The laws of wartime economics worked the same way in the Jewish state.

The Yom Kippur War’s exorbitant costs – defense spending in 1975 soared to 31% of the economy – debilitated the lira until it was replaced with the old shekel. The following decade’s First Lebanon War helped fan triple-digit inflation while the deficit ballooned to 221% of the national product, all of which resulted in a draconian austerity plan and the issuance of the new shekel.

Fortunately, today’s Israeli economy is an entirely different creature, clearly capable of enduring what the war that has befallen us entails.

Unfortunately, the minister in charge of financing this war seems unaware of its risks and demands, thus vindicating those who argued all along that he is unfit for the position he should never have reached.

THE WAR’S costs are estimated by Finance Ministry officials at a weekly NIS 10 billion. The enlistment of 300,000 reservists – mostly productive workers and business owners in their economic prime – cost a further NIS 10 billion in the war’s first three weeks alone.

At its current pace, the war is expected to quadruple the budget deficit, from a planned 1% of GDP to 4% of GDP. The cost of accommodating the evacuees from the Negev and Galilee is estimated at a monthly NIS 1.7 billion.

These expenses are astronomical, and these figures might still swell, especially if the war expands to additional arenas as it so easily might. It follows that the national coffers must be managed these days with extra care. That is not what the finance minister is doing.

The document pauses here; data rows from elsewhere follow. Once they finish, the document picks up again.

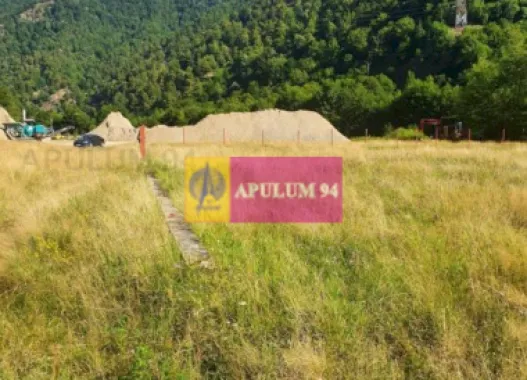 Teren Județul Vâlcea - Brezoi, Valea lui Stan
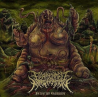 Fermented Masturbation – Perverted Slamicide
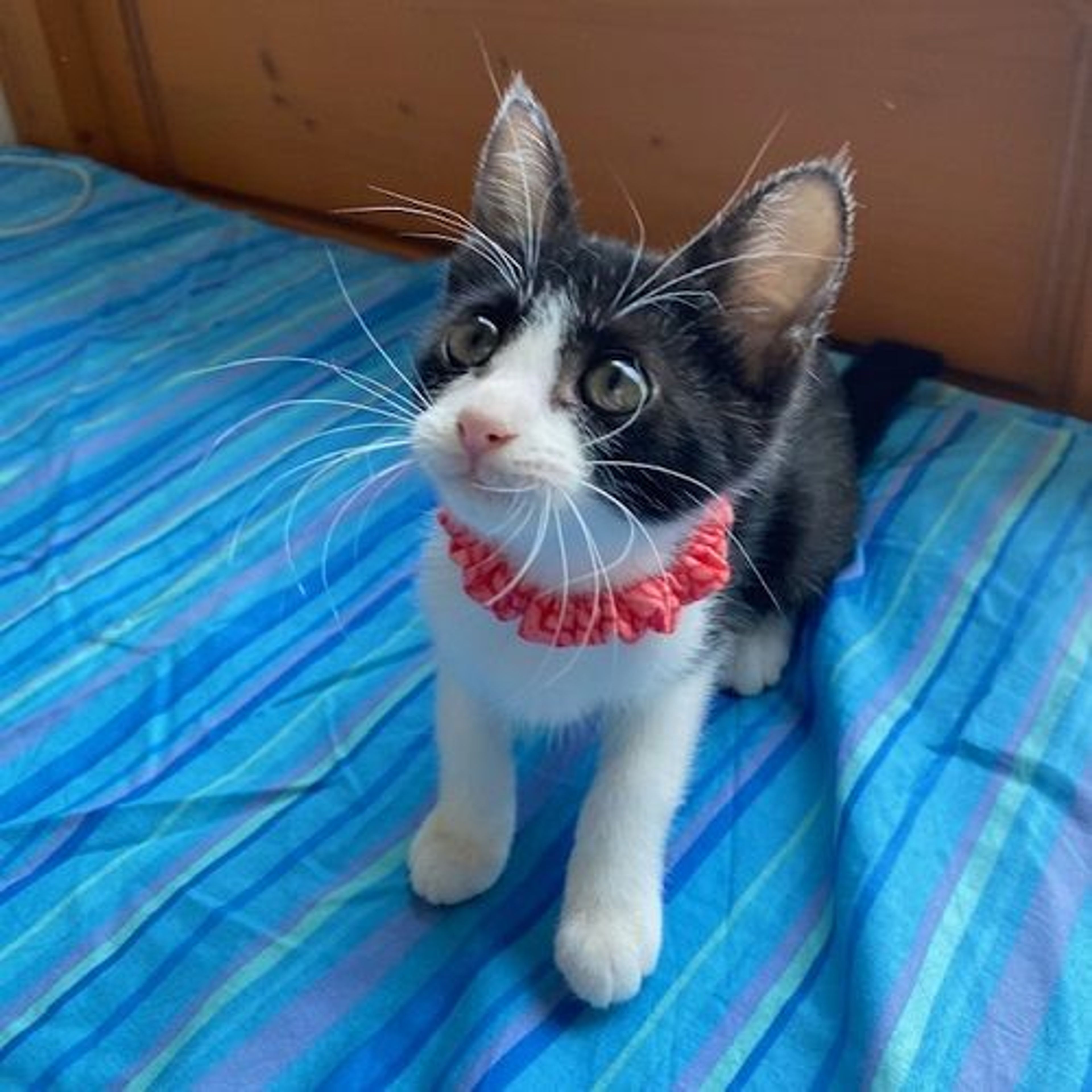 pet-image-4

A wartime treasurer’s first imperative is to create resources. In the Israeli system, that means blocking transfers of government funds to coalition deals that are outside the formal budget. Put differently, these are the billions with which the current ruling party bribes its ultra-Orthodox and ultra-nationalist partners.

When the war broke out, there was NIS 1 billion available from this reservoir. Smotrich, however, refused to redirect that money to the new agency tasked with rehabilitating the western Negev, Tkuma (“revival”). Instead, he chose to expand the deficit by selling bonds. That’s like a jobless man taking out loans instead of looking for a new job. After a public outcry, Smotrich claimed to have partly cut the coalition funds, but journalists failed to find an official record verifying this claim.

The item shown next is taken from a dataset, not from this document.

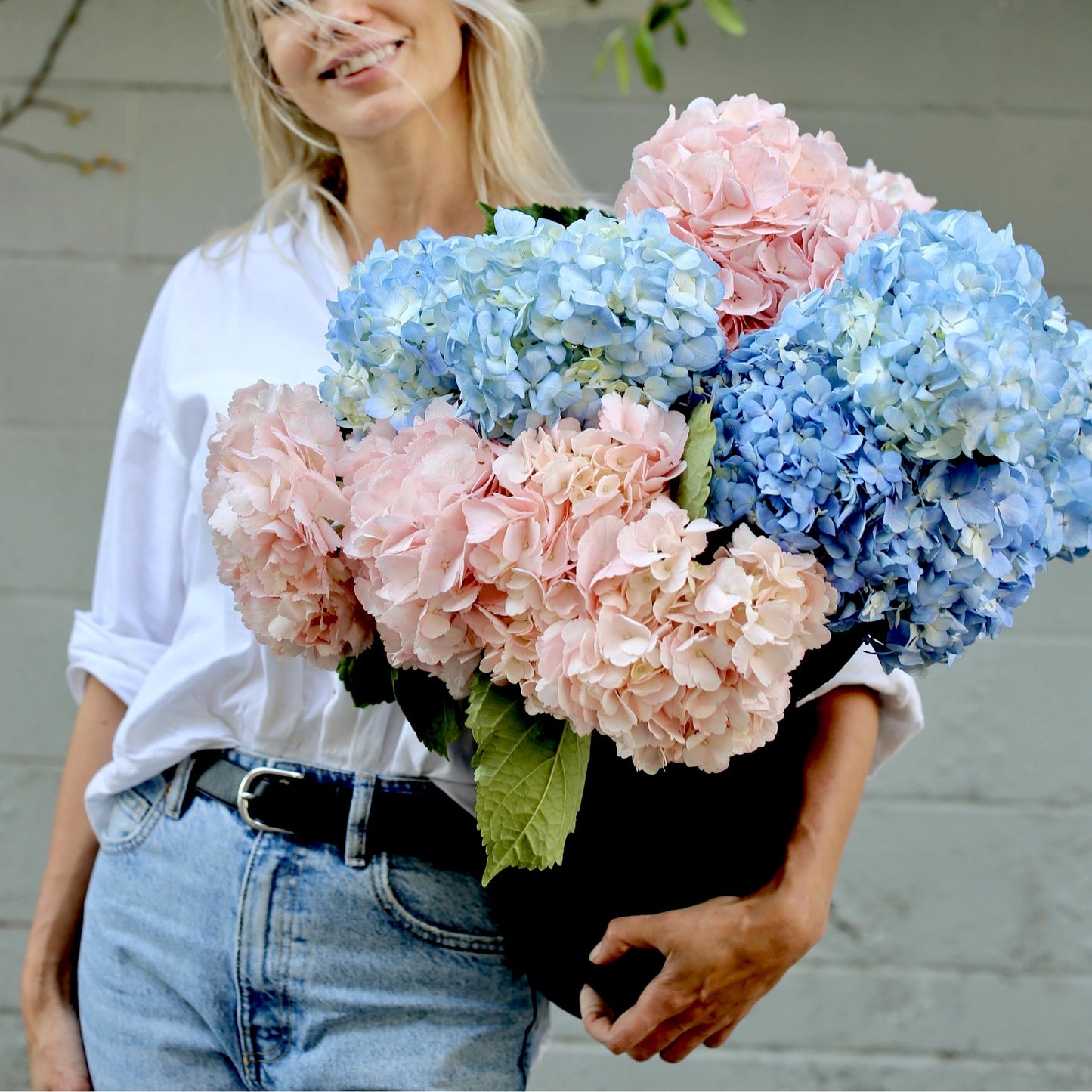 Hydrangea Mix - Ventura County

The same arrogance was on display when Smotrich used the war to create a forum that would effectively undermine the Budget Department, the beating heart of the agency he heads, a team of serious economists and impartial civil servants. When told his move was disqualified by the Treasury’s legal adviser, Smotrich said: “That moves my bellybutton’s corner,” Hebrew for “I couldn’t care less.”

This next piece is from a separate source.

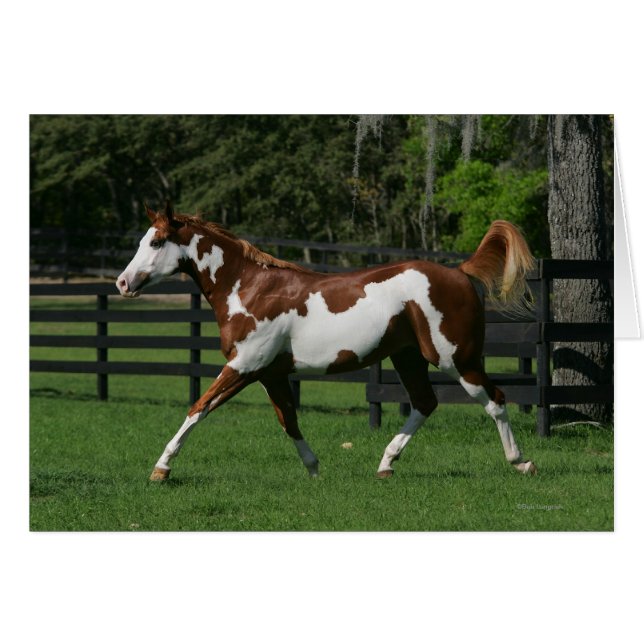 Cheval de peinture en marche 1 (Devant horizontal)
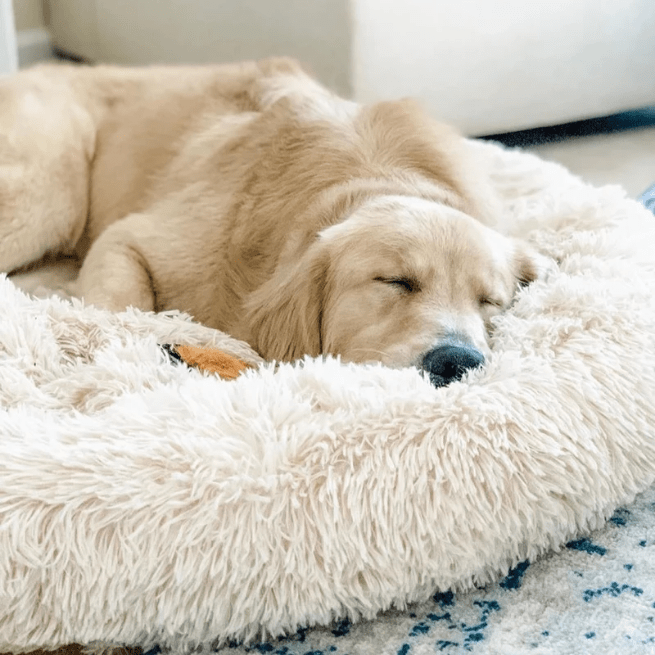 Soothing Calming Dog Bed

Bezalel Smotrich's sole goal in Israeli politics: Giving government spending to his interests

Smotrich’s stubbornness and audacity made a battery of right-wing figures – including philosopher Ran Baratz, historian Gadi Taub, and Rotem Meir (publisher of Benjamin Netanyahu’s autobiography) – petition him to cancel the coalition funding, but the man didn’t budge. Why?

FOR SMOTRICH, the government’s sectarian spending is not merely a technical commitment. It’s the reason he is in politics. Funneling special funding to his narrow constituency’s communities and institutions comes to his mind before the national interest. That’s what sectarianism is all about.

Smotrich cares this way not only for his nationalist-religious voters but also for the ultra-Orthodox community, the only constituency where he can look for a few more votes, besides the roughly 5% of Israelis to which his core constituency amounts. That is why he joined ultra-Orthodox politicians’ demand to raise the pay of ultra-Orthodox teachers who lack proper professional training – not to mention military service – so that their salaries will equal Middle Israeli teachers’ pay.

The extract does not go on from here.